- Description of the task -
Please transcribe exactly, and only, the lines of the data below between the line holding "BU GALA TAŞLI" and the line holding "Tissot Flamingo", inclusive.

- Dataset extract -
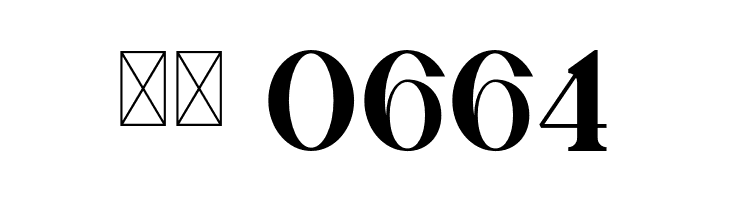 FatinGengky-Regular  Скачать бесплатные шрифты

* * *

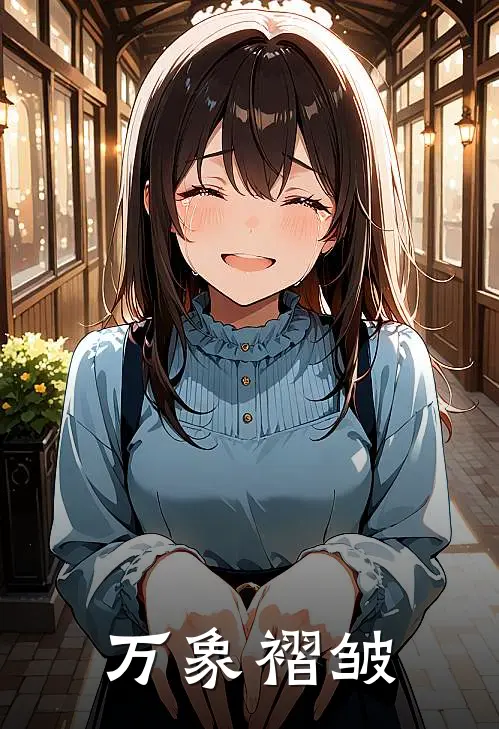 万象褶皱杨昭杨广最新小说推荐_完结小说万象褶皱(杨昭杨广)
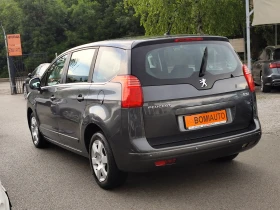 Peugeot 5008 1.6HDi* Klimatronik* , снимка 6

...

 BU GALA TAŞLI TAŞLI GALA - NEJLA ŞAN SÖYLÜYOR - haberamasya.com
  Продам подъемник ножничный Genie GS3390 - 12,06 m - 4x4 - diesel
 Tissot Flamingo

- Result of this task -
 BU GALA TAŞLI TAŞLI GALA - NEJLA ŞAN SÖYLÜYOR - haberamasya.com
  Продам подъемник ножничный Genie GS3390 - 12,06 m - 4x4 - diesel
 Tissot Flamingo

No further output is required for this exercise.